Interstate Robotics, Inc - Software Development and Web Appliance Solutions

Direct Device Interfaces_â

Overview

A Direct Device Interface (DDI) is an Application Program Interface (API) and device driver hybrid providing multiple clients with direct, language- and hardware-independent access to a physical device without the restrictions, complexity, and overhead of popular desktop operating systems. Clients include applications programs, applets, threads, and Dynamically Linked Libraries (DLLs). The DDI is implemented as a self-contained DLL which is linked to the client at runtime and does not require a complementary device driver. Note that a statically linked library which is linked to the client at compile time may also used to expose the functionality of the physical device. Using DLLs, however, has many advantages:

The API does not have to originate from the operating system manufacturer, thereby providing the development community at large with a means of extending operating system services. This feature allows applications development based on non-proprietary, commodity operating systems. Historically, non-proprietary, commodity systems have always banished proprietary systems from the market place.
DDIs enable Device-to-Device (D2D) and Business-to-Business (B2B) networks which communicate applications as well as information.
Direct access optimizes real-time performance in terms of the speed of execution and latency.
Code sharing reduces system resource utilization as required for low cost PCs and web appliances.
DLLs are a critical technology required for the development of visual programming tools whereby application programs may be created by drawing box-and-wire diagrams. Visual programming tools provide fast prototyping capability and eliminate the tedious and arcane tasks associated with traditional development methods.

Background

Windows and Linux are layered operating systems. Operating system layers include application, Application Program Interface (API), kernel, device driver, and physical device as shown in the figure below. Executable programs and threads run in the application layer.

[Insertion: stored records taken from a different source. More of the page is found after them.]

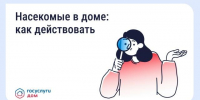 Насекомые в доме: как действовать - Знамя Октября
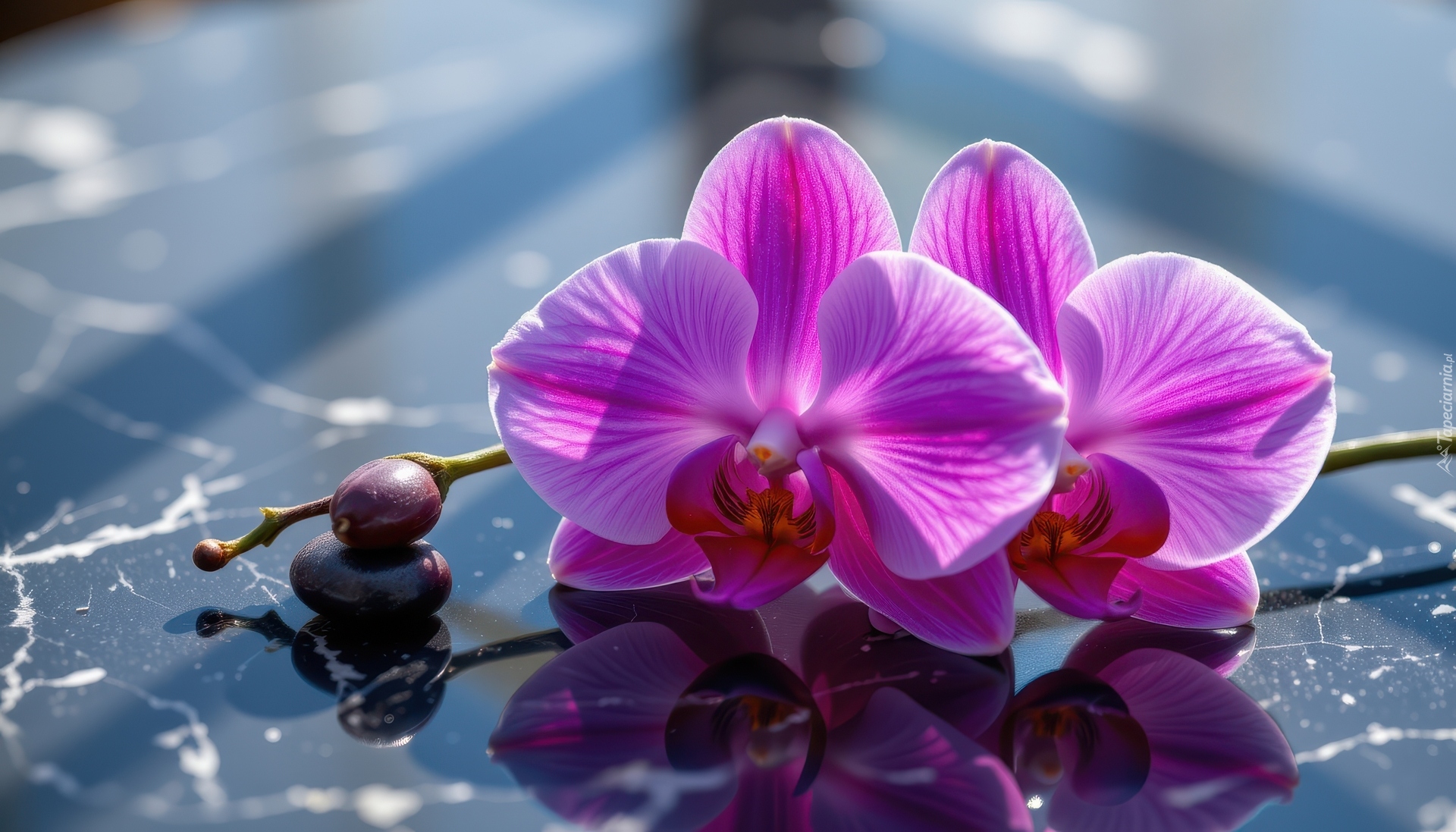 Kwiaty, Storczyki, Fioletowe, Tło, Marmurowe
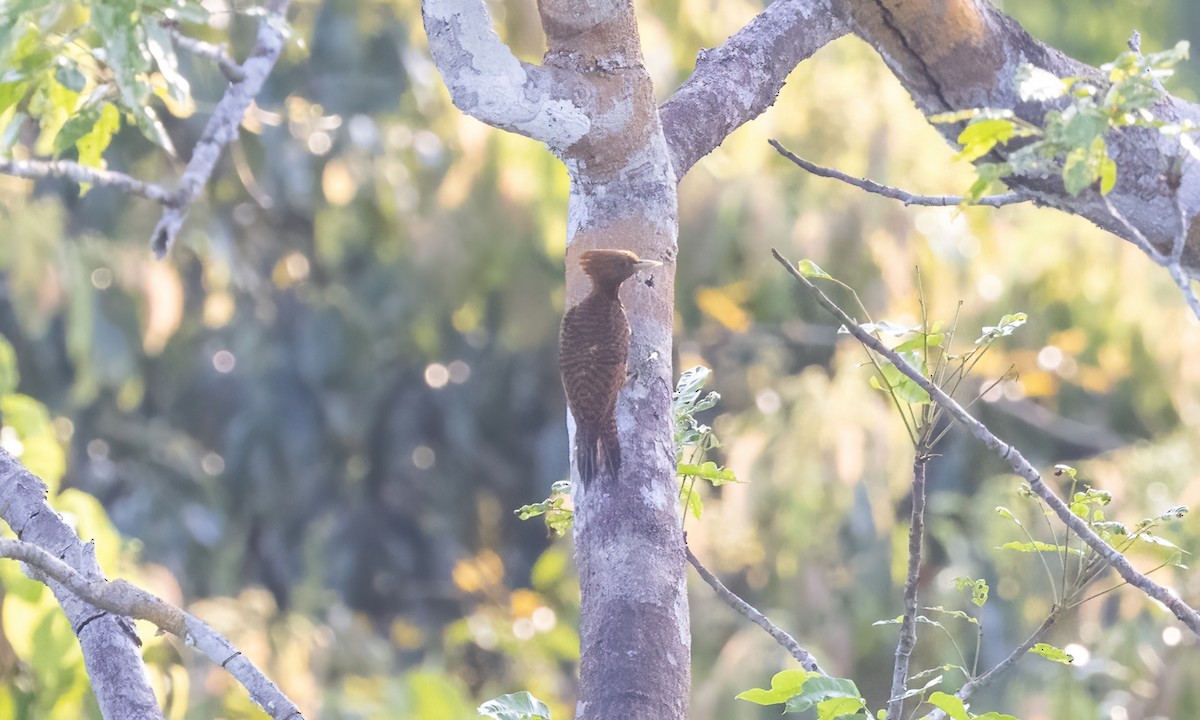 Waved Woodpecker (Waved) - ML611126501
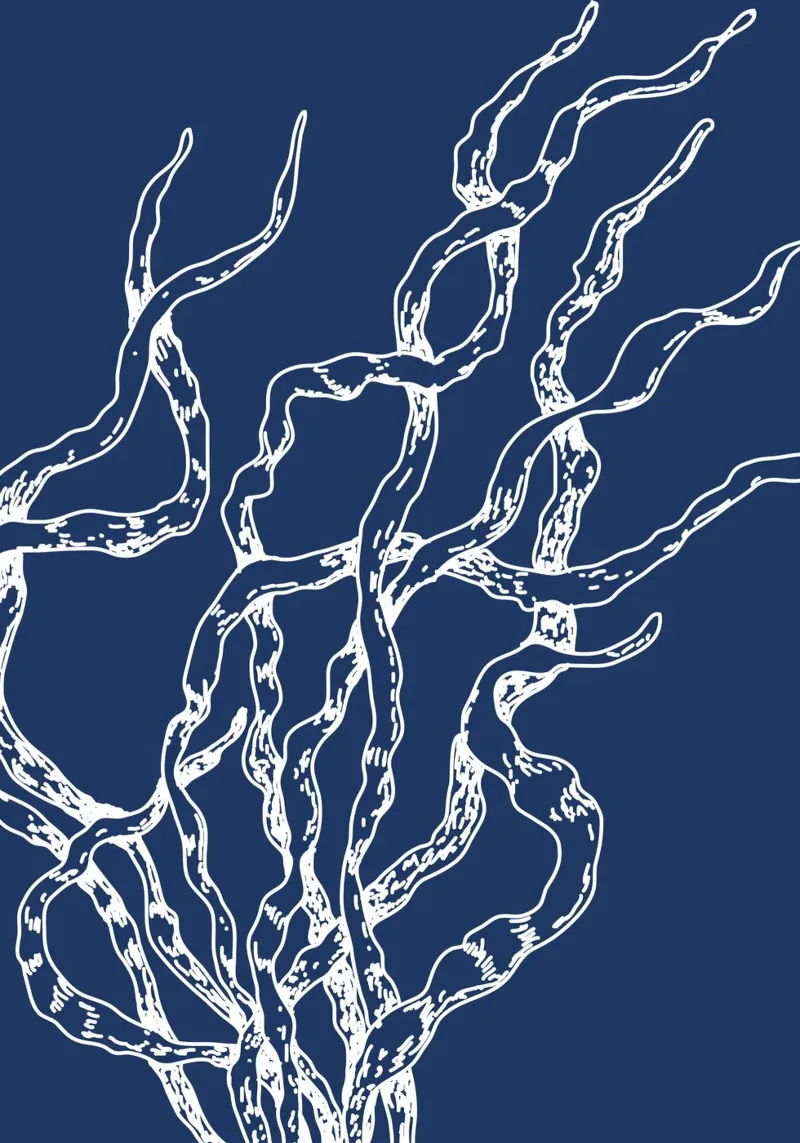 Abstract zeewier print - Nautisch blauw, moderne kustkunst canvas met Baklijst van ClubArt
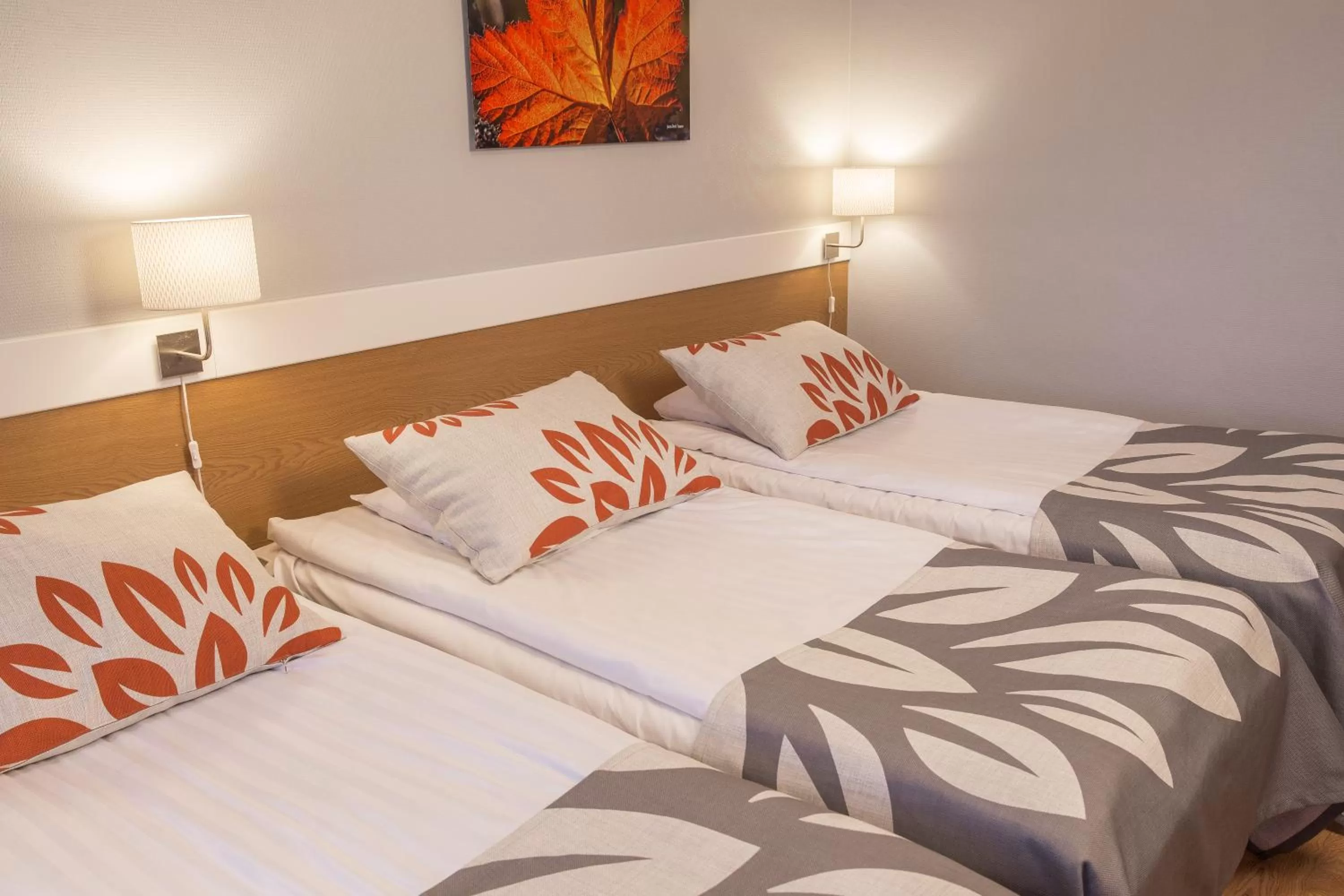 Bed in Park Hotel Tornio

The basic goal of layering is to partition the problems involved in providing operating system services into manageable pieces. The partition exists on an implementation level so that layers may be implemented, tested, optimized, and replaced separately. The partition also exists on an conceptual level so that layers may be understood and analyzed separately from each other and the uses to which they are put. According to the client server model, each layer is regarded as a server that waits to be asked by clients in the layer above to provide a specific service. Servers exploit the functionality of the layer below to provide higher level system services to clients in the layer above. Usually, there is a standard interface and clients only have to conform to the peculiarities of this interface without regard to implementation details of requested services.

With reference to the figure below, typical communication between layers as required to provide Windows 3.X/9.X/NT applications with access to physical devices is indicated by black lines. Applications utilize an API in order to request services that require access to the device. In response to such service requests, the API incorporates a hardware independent representation of the device to generate a sequence of abstract device operations. The kernel relays abstract device operations to the appropriate device driver. Finally, the device driver translates abstract device operations into actual device operations which are hardware dependent and specific to the particular physical device in use.

Performance analysis of this scheme takes the form of a queuing system with probabilistic arrival and service times. Arrival time corresponds to the random event that an executable program or thread invokes an API routine in order to access a device. Service time is the period of time required by the API, kernel, and device driver to collectively provide device access. It equals the sum of API, kernel, and device driver scheduling delay and execution time. Scheduling delay is the time spent by the API, kernel, or device driver waiting for shared resources, to include CPU instruction cycles, in order to complete a task. Execution time is the time required to complete a task assuming the necessary resources are available. In contrast to execution time, scheduling delay is unpredictable in detail since the scheduled duration and order of API, kernel, and device driver activity may not correspond to actual execution time and sequence of execution, respectively.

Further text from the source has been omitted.